Quand Grégoire est apparu, personne ne savait au juste d’où il venait. Il était le nouvel horloger de la rue des Roses. Dans un quartier comme le nôtre, tout se sait. La boutique était restée longtemps fermée, et la beauté du personnage en blouse grise qui se profilait à présent derrière la vitrine, ou qui venait fumer sa cigarette devant sa porte, avait attiré l’attention de plusieurs d’entre nous.

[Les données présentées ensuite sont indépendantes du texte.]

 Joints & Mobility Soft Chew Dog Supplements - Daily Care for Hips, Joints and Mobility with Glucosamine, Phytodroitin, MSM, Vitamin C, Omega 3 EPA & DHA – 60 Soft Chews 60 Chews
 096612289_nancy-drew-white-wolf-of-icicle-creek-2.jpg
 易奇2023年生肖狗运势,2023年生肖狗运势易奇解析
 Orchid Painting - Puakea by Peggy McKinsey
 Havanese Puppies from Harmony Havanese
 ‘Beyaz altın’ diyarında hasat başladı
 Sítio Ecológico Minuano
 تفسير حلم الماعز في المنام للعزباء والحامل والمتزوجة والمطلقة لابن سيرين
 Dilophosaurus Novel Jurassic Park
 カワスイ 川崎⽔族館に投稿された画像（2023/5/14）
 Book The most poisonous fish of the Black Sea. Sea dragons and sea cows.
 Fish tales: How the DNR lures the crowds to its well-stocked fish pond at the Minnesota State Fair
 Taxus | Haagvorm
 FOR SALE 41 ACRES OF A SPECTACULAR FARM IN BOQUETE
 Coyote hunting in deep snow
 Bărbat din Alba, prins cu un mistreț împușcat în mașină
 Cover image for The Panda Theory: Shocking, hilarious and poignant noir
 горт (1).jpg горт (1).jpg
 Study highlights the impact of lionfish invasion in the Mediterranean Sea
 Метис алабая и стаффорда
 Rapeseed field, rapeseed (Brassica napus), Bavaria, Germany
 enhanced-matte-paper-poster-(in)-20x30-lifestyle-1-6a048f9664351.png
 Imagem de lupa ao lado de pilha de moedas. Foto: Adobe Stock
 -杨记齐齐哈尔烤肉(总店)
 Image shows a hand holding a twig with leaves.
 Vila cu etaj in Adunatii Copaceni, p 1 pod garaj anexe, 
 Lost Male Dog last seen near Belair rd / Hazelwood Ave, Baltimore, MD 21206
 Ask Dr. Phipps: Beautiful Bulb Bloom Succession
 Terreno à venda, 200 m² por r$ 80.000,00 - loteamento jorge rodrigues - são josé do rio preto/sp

Des yeux bleus dans un visage mat, des cheveux noirs coiffés en arrière, longs sur la nuque, la taille haute et souple, une fine moustache, un sourire désarmant. Puis, un soir, il s’en trouva une pour le reconnaître sur l’estrade d’un bal. Il jouait du saxophone. Elle a dit: “Mais c’est notre bel horloger!”, et les autres avec elle se sont haussées sur la pointe des pieds pour mieux l’apercevoir.
Dans ces années-là, des bals étaient nombreux à se tenir, le soir, sur les places des quartiers nord, et nous n’en manquions aucun.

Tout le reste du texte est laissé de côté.